I will spend a lot of the next five weeks reminding my students that “school is not over yet.” This is the mantra droned incessantly by teachers the world over. I’m quite sure of this even though I don’t personally know teachers the world over.

That being said, my mind is already on summer break. It has to do with the time change. All of that lovely daylight still left at 6:40. . .breezes blowing. . .no misquitos just yet. . . Curses to Benjamin Franklin. . .couldn’t he have waited until the end of May??? Of course, during his time, the children who were the same age as the ones I teach (11 and 12) were in the fields right now–or out of school altogether.

So I will have to be conscientious over the next few weeks. . .I am already amazed that the year is over. I am planning to read two really fun novels after our HUGEMONGOUS standardized test this week. Hopefully that will pull in even the hold-outs and we will end the year on a positive note. In case you are interested they are House on Hackman’s Hill (Joan Lowery Nixon) and The Cay (Theodore Taylor). The former is a good book for kids who don’t like to read. . .a mystery about a mummy with every chapter ending in a cliff hanger. The other is something I would dearly LOVE to see made into a movie–a must for any middle school aged kid and a completely enjoyable quick read for an adult.

Now to the supper dishes. . .after all, “School is not over yet,” and there will be no time to do them tomorrow. Just a dirty kitchen to clean before I can cook dinner.

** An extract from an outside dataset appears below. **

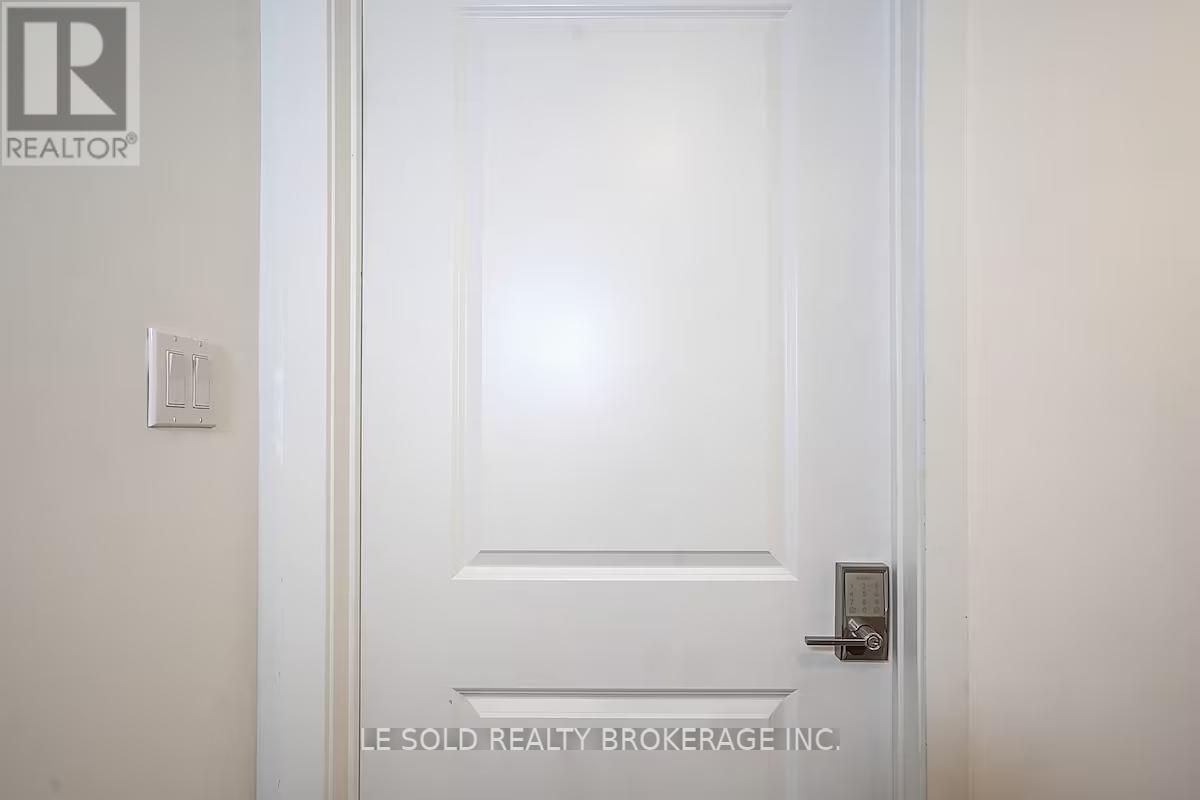2nd Floor Room #2e - 89 Frederick Tisdale Drive, Toronto, Ontario  M3K 0C6 - Photo 13 - W13050624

That Ben and his big ideas.

Pensive day today. . .thoughts overwhelming mixed with joy mixed with more “reality”. . .then there is comic relief right at the end. As I was laboring over getting the kitchen clean while pondering some very serious and weighty matters , my kids were playing with something their dear aunt and uncle gave them for Easter. It is touted as “styrofoam putty” and is, quite frankly, the most vile “toy” I’ve ever run across. If you’ve not had the pleasure, allow me to describe it for you.

It is sort of like silly putty in liquid-ish form–very brightly colored–with tiny styrofoam balls in in it. It gets on EVERYTHING, and can only be removed by, essentially, “washing” your hands or the item with more of the goo.

Ewww. . .ewww. . .double ewww.

Ickadoo.

Blech.

Thankfully I had the foresight to send them outside to play with it, and I think even the kids lost their infatuation with it VERY quickly. If you are given any of this, sneak it into the trash as fast as you possibly can.

If you either ARE or are related TO the inventor of it, or if you have a personal love of this substance, would you like some hot pink and aqua blue styrofoam putty to go with your collection???